Your featured piece in spring’s edition, “On a Painter and Her Art,” was quite the visual piece. Do you have any experiences in the artistic field? Do you feel that written words have the same sensory effect as visual art?

I, like most people I presume, sketched quiet a bit as a kid growning up in Brooklyn and Jersey. I have always, even as a child had an nterest in the way visual art challenges the boundaries of a frame, the way that certain artists, like Picasso most notably, toy with the idea of disfiguration. I've always felt drawn to distorted faces of a certain sort, diverted vanishing lines of a kind; yet, paradoxically, my whole artsistic sensibility from childhood to the present has been governed by an overriding "idea of order," by the idea of still life and what I recently hear someone call the simple but monumental significance of plain and ordinary objects. I'm not a visual artist by any stretch of the imagination, but I do have a kind of underlying devotion to the power of the crystal image in poetry. I like poems, paintings and even imagistic songs that possess and elicit a kind of dark transparency, a kind of night-blue clairvoyance, a sort of Atlantic-silver light.

Music, literature, and visual art all have the incredible ability to convey one’s thoughts and ideas, while also serving as effective methods of emotional ventilation. What is your most favored form of expression and why?

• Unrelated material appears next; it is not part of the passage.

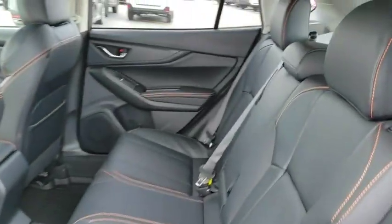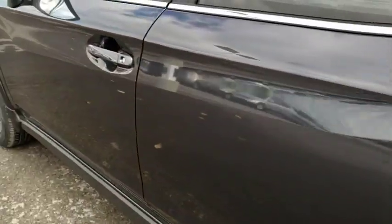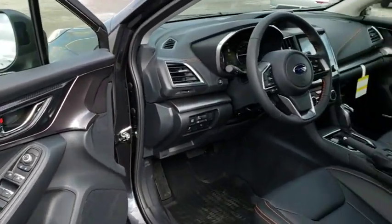Leather wrapped steering wheel, Bluetooth, adjustable steering wheel, power steering, cruise control, keyless start, aluminum wheels, four-wheel disc brakes, floor mats, climate control. Your new ride is just a phone call away.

Actually, along with writing poetry, one of my passions in singing and song-writing. I've been writing music for more than twelve years and even more paramount than my belief in the visual landscape of a poem is my out and out faith that a poem is a "dream song" to play with a phrase from Berryman. I feel that poems "tap" into an inante music in the subconscious, a kind of clamorous whisper that goes on under the current of our lives that resembles an inate music. I really enjoy writing music, but my poems and songs are two very distinct entities. They rush forth from a similar source, but they form two very separate streams in my life.

Do you believe that an artist’s (covering the spectrum from writers to musicians) best work comes from periods of strong emotion? Why or why not?

It's funny that you ask this question about periods of turmoil producing exciting work. I've thought a great deal about this question and though I've always met it with a kind of resistence, I have to say that Blake was right when he said that "without contraries there is no progression." For about the last year or so I've written in response to certain circumstances in my own life and these circumstances have challenged my writing. They've challenged my notion of how to live, actually. I suppose the benefit of emotional trial is intense introspection, but there comes with this the fine line of excessive introspection and a kind of loss of the outside, which, can become a detriment to the connectivity between speaker and listener in a poem or series of poems. Professor Cappello has given me sound advice regarding this matter. She's implored me to try and have a conversation with other poets in my writing, maybe not directly, but to use the personal as a means of contributing to a dialogue that other poets are having on similar pesronal concerns that are always inherently political.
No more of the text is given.